So I got good news on the food front. I am getting a delivery from a food service with lots of meat, and carbs to last the month we pick it up on Saturday. I also just pick up 2 24 packs of mountain dew, 2 bags of Ore Ida fries, a package of cooked crab meat, a bag of frozen chicken nuggets, 4 banquet meals 2 for me and 2 for bill we got the cheese smothered meat patty and the chicken fried steak, sour cream, a pound of hamburg for meatloaf, 18 pack of eggs, Ms. Butterworths, 2 cans of Hormel Hash, 2 cans of chili beans for chilli, a bag of Kraft 4 blend Mexican cheese, Santos taco chips, a can of black olives, a jar of mayo, Chips a Hoy Chocolate fudge cookies, a box of pasta salad, 1 percent milk for cooking. I am also going to the bread outlet to get lots of bread and bagels. The only things I drink are mountain dew, iced tea,bottled water or kool aid. I will see how the week goes.

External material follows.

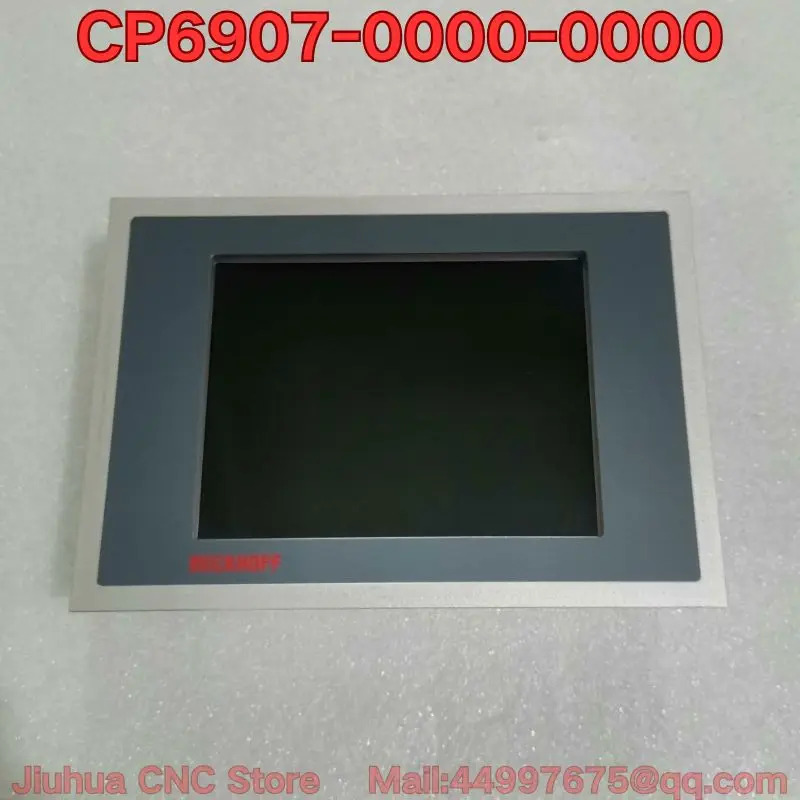 리퍼 CP6907-0000-0000 터치스크린 기능 리퍼는 일반적으로된 이 필요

Breakfast/Lunch: Bagel or peanut noodles
Dinner:
Sunday: Pork Lo mien, and pork fried rice
Monday: homemade chilli with taco chips, sour cream, and olives
Tuesday: Crab Sandwiches and Pasta Salad
Wednesday: Chicken Nuggets and Fries
Thursday: Meatloaf, veggie stir fry, and beef rice
Friday: 2 banquet meals
Saturday: Pancakes and Hash


----------



## KHayes666 (May 19, 2011)

Gotta love how you say that you're putting the gaining on hold then the very next post you talk about all the fatty foods you're going to eat during the week.

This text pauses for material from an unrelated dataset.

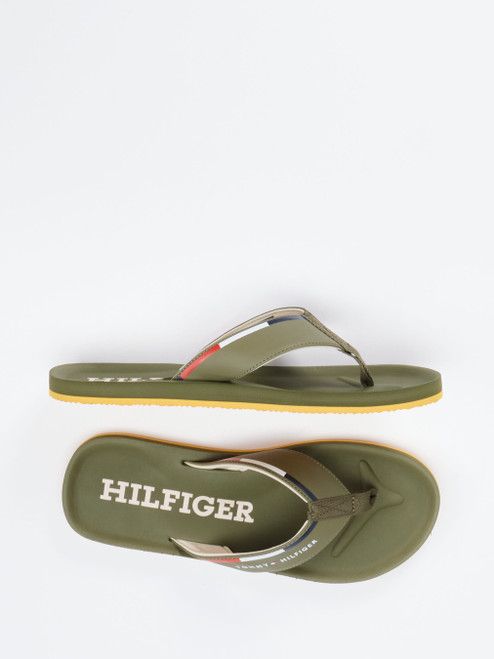 Badepantolette-74216290002 Tommy Hilfiger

Anyone else find this amusing?


----------



## louisaml (May 20, 2011)

thanks for being such a nice friend dude, i tried to delete the post but I couldn't so nuhhhh, besides it was the only foods at Wal-mart that I had coupons for and were on sale, not that I get to enjoy much of it, my doctor just put me on a low carb/sugar high fiber diet, for the hypothyroidism, i swear drinks without sugar just don't taste natural, all that crystal light crap tastes like the stuff you drink for a colonoscopy. I am not trying to loose weight but its hard. Seriously why do high fiber vegetables have to look like weeds growing in a side walk. Plus the bread is crunchy, bread isn't suppose to crunch unless it is toasted and buttered with grape jelly.


----------



## louisaml (May 25, 2011)

I am 52/50.5/56 now. So I am still pretty even. Not sure what this makes me.


----------



## KHayes666 (May 25, 2011)

louisaml said:


> I am 52/50.5/56 now. So I am still pretty even. Not sure what this makes me.



Makes you look great


----------



## louisaml (Jun 6, 2011)

I am trying my hardest to fit it on here but its hard. I don't see where I fit exactly. Maybe I am trying to hard, or it could be I am just not good enough. I am trying so hard to be like the other girls on here and often I find myself coming up short physically, socially, and mentally. I would love to be active at events and what not but my anxiety gets so bad that I really don't think I can handle it. Everyone on this site is so sophisticated, intelligent, and the most amazing individuals that I am proud of knowing at least online. I grew up pretty much in a bubble until I was 18. I don't really know how to interact with people and its not like it is something I can learn. When I was younger I so badly wanted to be part of dimensions, because it was the voice of acceptance. I saw the site and I thought wow, people who don't judge each other and accept each other whole heartedly. I still feel that way. I know this sounds lame, but to me, you all are FAMILY.


----------